4. Pre-Agent Workflow
- Intake and matter opening. A legal assistant or paralegal received the inquiry, created a preliminary matter record, checked basic client and counterparty details, and asked the responsible lawyer whether the firm could proceed.
- Document collection and filing. The client sent materials through email, messaging apps, cloud folders, scans, and walk-in submissions. Staff manually downloaded, renamed, sorted, and de-duplicated documents.
- Manual fact extraction and timeline building. A paralegal or associate read the documents, extracted dates, parties, obligations, payments, filings, communications, and deadlines, then built a chronological timeline.
- Research and risk spotting. An associate manually searched for statutes, cases, regulations, policy guidance, or internal prior memos, then identified evidentiary gaps, deadline risks, contradictions, and client follow-up questions.
- Memo drafting and review loop. The associate drafted an internal case memo or preliminary client memo from scratch. The partner reviewed facts, citations, risks, and recommendations, then sent revisions back before any client-facing update.
Key pain points:
- Preparation work was sequential, so delay in document organization delayed timeline building, research, and memo drafting.
- Source references were inconsistent, making partner review slower and increasing the chance that a factual claim could not be traced back to a document.
- Research and drafting were often restarted after partner feedback because gaps were discovered late.
- The firm had no systematic way to reuse verified timelines, issue checklists, or approved memo structures from similar matters.
5. Agent Design and Guardrails
The post-agent workflow starts with a secure AI-enabled matter workspace. A human still confirms conflict status, engagement scope, confidentiality controls, and whether the matter is permitted for AI-assisted processing. The system then ingests approved client materials and routes them to five agents. The Document Review Agent classifies files, extracts metadata, detects duplicates, flags unreadable scans, and marks potentially sensitive or privileged documents. A paralegal verifies this inventory before downstream work begins. The Fact Timeline Builder creates a sourced timeline with confidence labels. The Risk Issue Spotter maps procedural, evidentiary, limitation-period, privilege, and client-management risks. The Precedent Search Assistant converts reviewed facts into research questions and retrieves candidate authorities or internal prior memos. The Client Memo Drafter prepares a draft only after the associate has reviewed the timeline, issue map, and research leads.

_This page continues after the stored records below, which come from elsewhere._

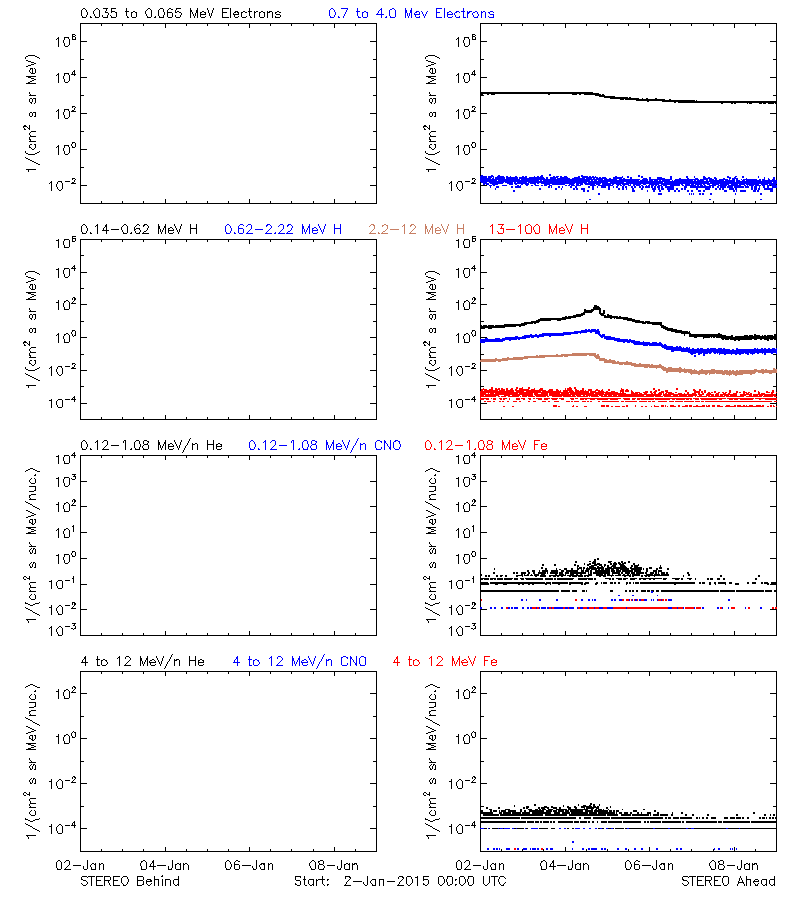 solar energetic particles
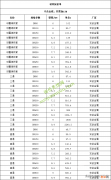 最新建材商主材报价表 建材包括什么材料报价表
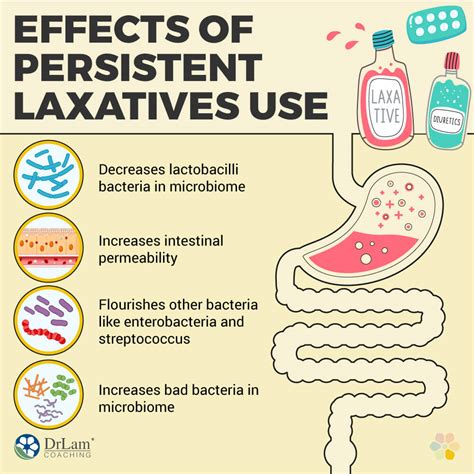 How Laxatives Affect The Microbiome And How To Avoid Complications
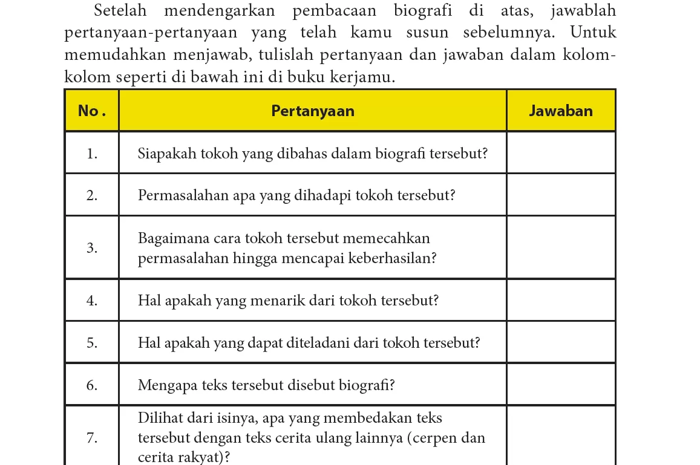 Bahasa Indonesia Kelas 10 Halaman 213, Teks Biografi B.J Habibie ...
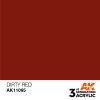 3RD GENERATION: DIRTY RED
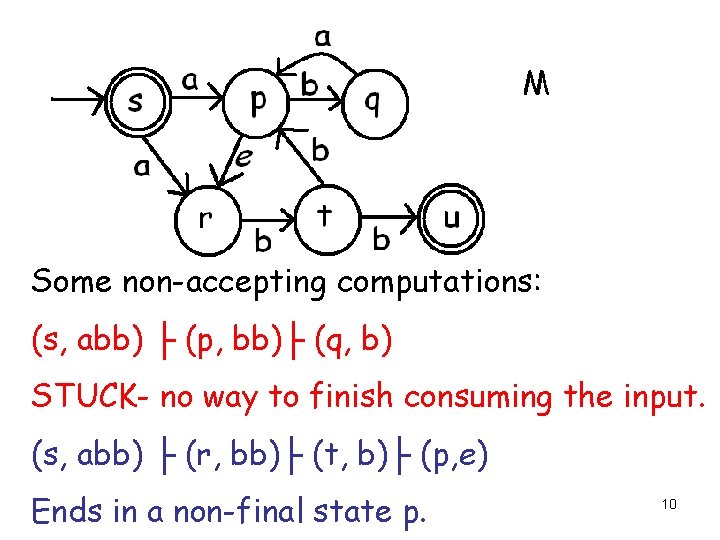 M Some non-accepting computations: (s, abb) ├ (p, bb)├ (q, b) STUCK- no way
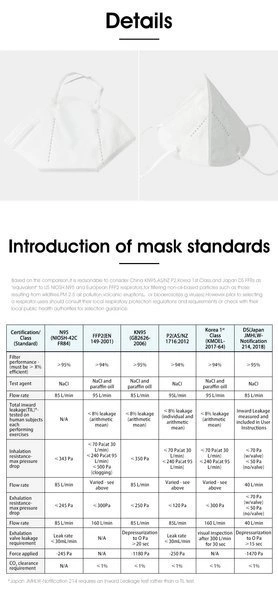 Becker Healthcare IVROU - maseczka ochronna 4-warstwowa z gumką KN95 pol_pl_Becker-Healthcare-IVROU-maseczka-ochronna-4-warstwowa-z-gumka-KN95-8205_4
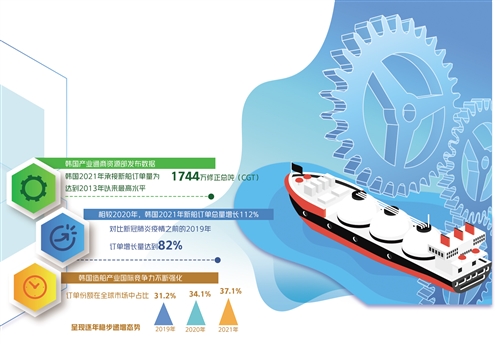 韩国造船业走出低迷_fororder_res04_attpic_brief (2)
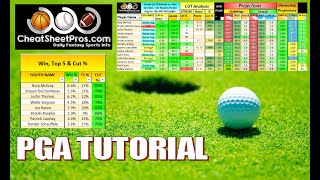 PGA Cheat Sheet Breakdown from CheatSheetPros!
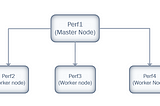 Setup a Kubernetes cluster from scratch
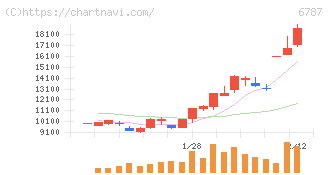 メイコー(6787)の日足チャート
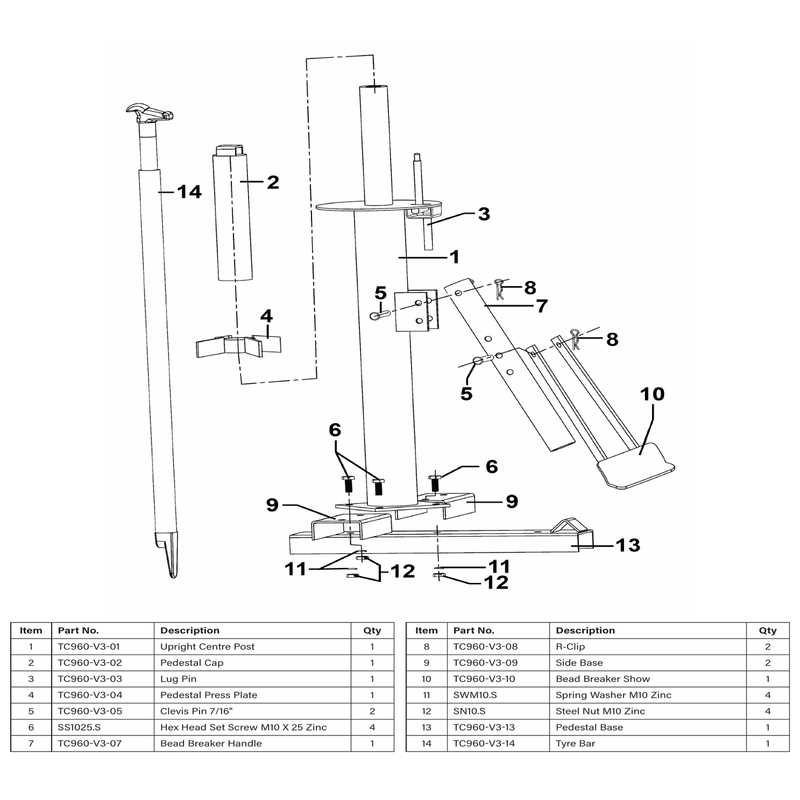 Sealey Pedestal Press Plate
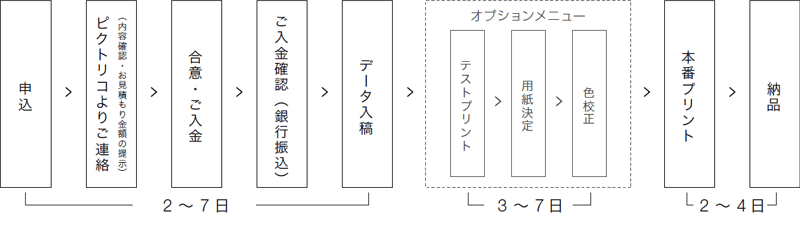 お申込から納品までの流れ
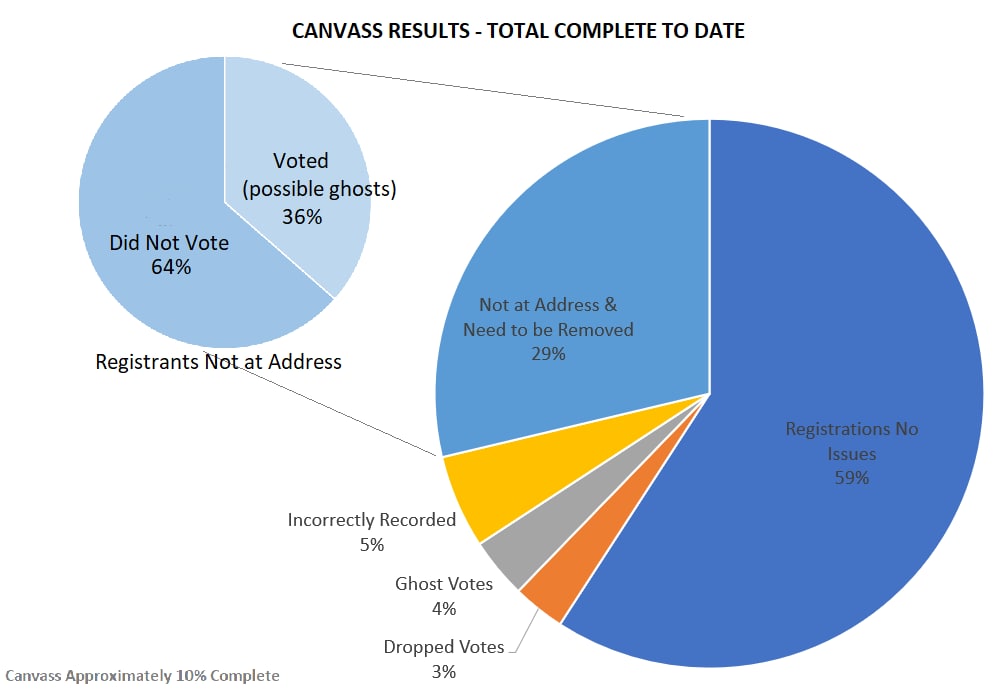 Otero, New Mexico, canvassing results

The guardrail is simple: agents may prepare, structure, flag, retrieve, and draft; they may not approve legal conclusions, send client advice, file court documents, or represent citation validity as final. Partner approval remains mandatory before any client-facing communication or next legal action.
| Layer | System role | Human checkpoint |
|---|---|---|
| Intake governance | Open matter workspace and record scope | Lawyer confirms conflict, engagement, confidentiality, and AI-use permission |
| Document understanding | Classify, OCR, index, de-duplicate, and flag documents | Paralegal or associate verifies inventory and sensitive-material flags |
| Fact structuring | Build sourced timeline and uncertainty labels | Associate checks dates, source references, contradictions, and gaps |
| Research support | Retrieve candidate authorities and prior memos | Lawyer verifies jurisdiction, currency, precedential value, and applicability |
| Drafting | Generate preliminary memo and missing-information checklist | Partner approves, revises, or rejects before client use |
| Learning loop | Store approved templates and rejected AI patterns | Firm restricts reuse to anonymized or permitted knowledge assets |
6. One Workflow Walkthrough
A small business client contacted the firm after a supplier allegedly breached a delivery contract. The client sent a signed agreement, several invoice PDFs, email threads, a termination notice, payment screenshots, and WhatsApp messages. The legal assistant opened the matter workspace and confirmed that the documents could be processed under the firm’s AI policy. The Document Review Agent created an inventory and flagged two duplicate invoices, one unreadable scan, and one message export with unclear dates. After a paralegal approved the inventory, the Fact Timeline Builder produced a timeline separating confirmed delivery dates from client allegations. The Risk Issue Spotter flagged a possible notice-period issue and missing proof of receipt. The Precedent Search Assistant suggested research questions on breach, notice, damages, and mitigation. Because one authority was jurisdictionally uncertain, the associate marked it for replacement before memo drafting. The Client Memo Drafter then produced a preliminary memo and missing-information checklist. The partner revised the risk language, approved the client update, and the system archived the final timeline, memo, and review log.
7. Results
Evidence status: Planned pilot design with estimated workflow targets, not production measurement.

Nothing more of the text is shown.